2.2 Spectrum sensing

Spectrum sensing serves the purpose of assessing the spectral condition of the Primary Network and categorizing it into one of two states: “idle” (\({\mathcal {H}}_0^c\)) or “occupied” (\({\mathcal {H}}_1^c\)). In the event that the spectrum is identified as “idle,” the Secondary Network is able to make use of it for transmitting information. Conversely, should the spectrum be detected as “occupied,” the SN abstains from active operation to prevent any interference with the PUs. The expressions for the two scenarios mentioned above are, respectively, given as

$$\begin{aligned}&H_c^0:{y_{s,c}} = {n_s}, \end{aligned}$$
(3a)
$$H_c^1:{y_{s,c}} = {\text{h}}_{s,c}^{{{\text {q}}_p},{{\text{q}}_s}}{\sqrt{P}} x + {n_s},$$
(3b)

where \(n_s\sim {\mathcal {C}} {\mathcal {N}} (0,\sigma _s^2)\) is indicative of the additive white Gaussian noise (AWGN) present at the secondary UAV. The variable \({\text {h}}_{s,c}^{{{\text {q}}_p},{{\text {q}}_s}}\) denotes the baseband equivalent channel from the stopping point \(q_p\) of the primary UAV to the stopping point \(p_s\) of the secondary UAV. Furthermore, P stands for the transmission power at the primary UAV, while x represents the complex baseband signal emitted by the primary UAV.

The system operates during a frame duration T, which is divided into a sensing period \(\tau\) and an information transmission period \(T - \tau\) for the Secondary Network.
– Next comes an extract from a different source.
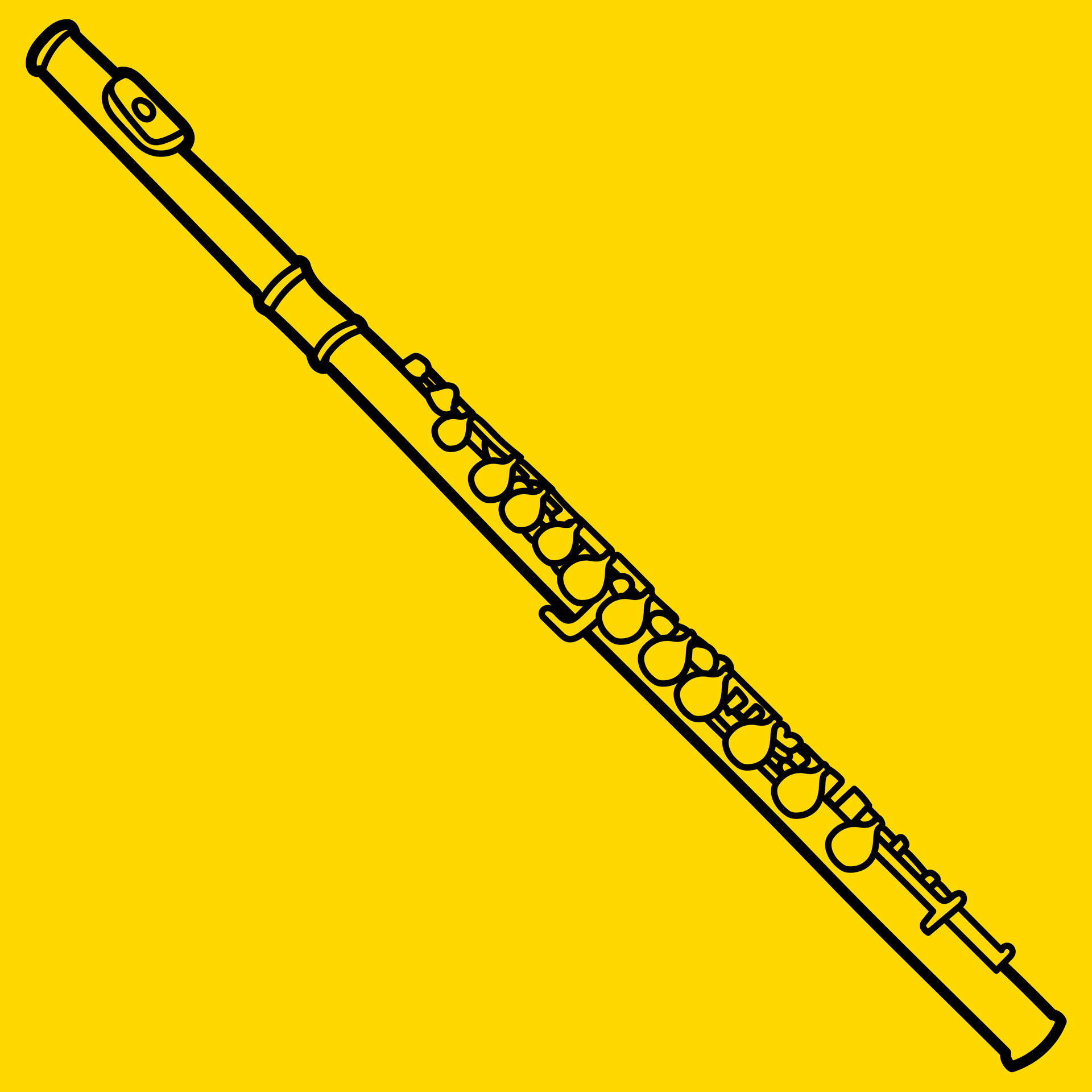 Picture for category Flutes & Piccolos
The detection probability and false alarm probability for subcarrier c using energy detection are provided as follows

$$\begin{aligned} P_{d,c}&= Q\left( \frac{\eta ^c-\sigma _c^2(N+\gamma _c) }{(\sigma _c^2/\sqrt{\tau f_s} )\sqrt{2\gamma _c+N} }\right) , \end{aligned}$$
(4a)
$$\begin{aligned} P_{f,c}&= Q\left( \frac{\eta ^c-\sigma _c^2N }{(\sigma _c^2/\sqrt{\tau f_s} )\sqrt{N} }\right) , \end{aligned}$$
(4b)

where \(f_s\) represents the sampling frequency, while \(\gamma c={\text {h}}_{s,c}^{{{\text {q}}_i},{{\text {q}}_j}}\frac{P}{\sigma _s^2}\) denotes the received signal-to-noise ratio (SNR) from the primary UAV at \({\text {q}}_i\) to the secondary UAV at \({\text {q}}_j\) in the subcarrier c, and \(Q(\cdot )\) is the right tail function of the standard normal distribution, \(Q(x)=\int _{x}^{ \infty } \frac{1}{\sqrt{2\pi } } e^\frac{t^2}{2} \hbox {d}t\). Additionally, \(\eta ^c\) is the detection threshold in the subcarrier c, which can be expressed as

$$\begin{aligned} \eta ^c=(Q^{-1}(\overline{P_d} )\sqrt{\frac{2\gamma _c+N}{\tau f_s} } +\gamma _c+N )\sigma _s^2, \end{aligned}$$
(5)

where \(\overline{P_d}\) is the target detection probability.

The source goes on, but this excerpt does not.